For lack of evidence, the House of Representatives is set to exonerate the embattled Farouk Lawan from the $620,000 bribery allegation leveled against him by billionaire oil magnate, Mr. Femi Otedola, LEADERSHIP reports.
Also, the Gambo Dan-Musa led House Committee on Ethics and Privileges is set to release next week the report of its in-house probe into the bribery allegation which Otedola alleged would have amounted to $3million before details of the deal leaked to the public.

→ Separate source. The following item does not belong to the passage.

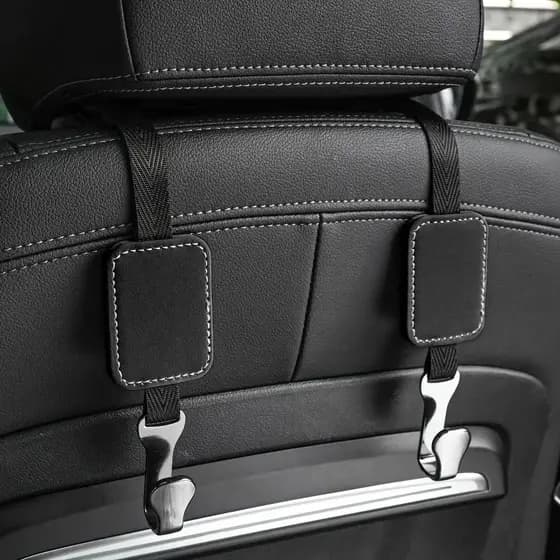 2 Peças De Ganchos Ajustáveis Para Encosto De Cabeça De Carro – Organizador Suspenso Resistente Bolsas , Mantimentos E C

Addressing newsmen on the state of affairs of the House, Deputy Chairman, House Committee on Media and Public Affairs and member of the Ethics and Privileges Committee, Victor Ogene disclosed that the probe report will be submitted at plenary when federal lawmakers resume from their two weeks break.
The House Committee on Media and Public Affairs also washed its hands of the Clerk of the Ad Hoc Committee that investigated the fuel subsidy regime, Mr Boniface Emenalo who was fingered in the cash-for-clearance scandal.
House spokesman, Zakari Mohammed told newsmen that the Clerk was a civil servant and was being handled in-house by the National Assembly Service Commission (NASC).
“The report of the Ethics and Privileges Committee as it concerns Hon. Farouk Lawan is ready and is a question of scheduling. It was supposed to have been tendered before the House before we went on the Sallah break so as soon as we resume for plenary on November 6, the committee will thereafter submit the report.” Ogene stated.
In July, Otedola who was supposed to testify on his bribery allegations against the former chairman of Subsidy Probe Committee, Farouk Lawan, insisted that he will only give evidence in public – a situation a member of the Ethics and Privileges panel (preferring anonymity) said informed the panel’s decision to clear Lawan of complicity in the alleged bribery plot.
“Of course, an allegation remains an allegation until proven. Femi Otedola who made the allegations refused to give his testimony before the committee, so we had no basis to pursue further punitive measures against Farouk Lawan since nothing was proven,” the committee member told LEADERSHIP.
Otedola in a purported sting operation reportedly sanctioned by Nigeria’s State Security Service (SSS) video tapped the $620,000 bribe offered Lawan to clear Otedola’s oil firm, Zenon, earlier indicted for fuel fraud investigated by the Lawan led House panel. Lawan insisted that he took the money as evidence.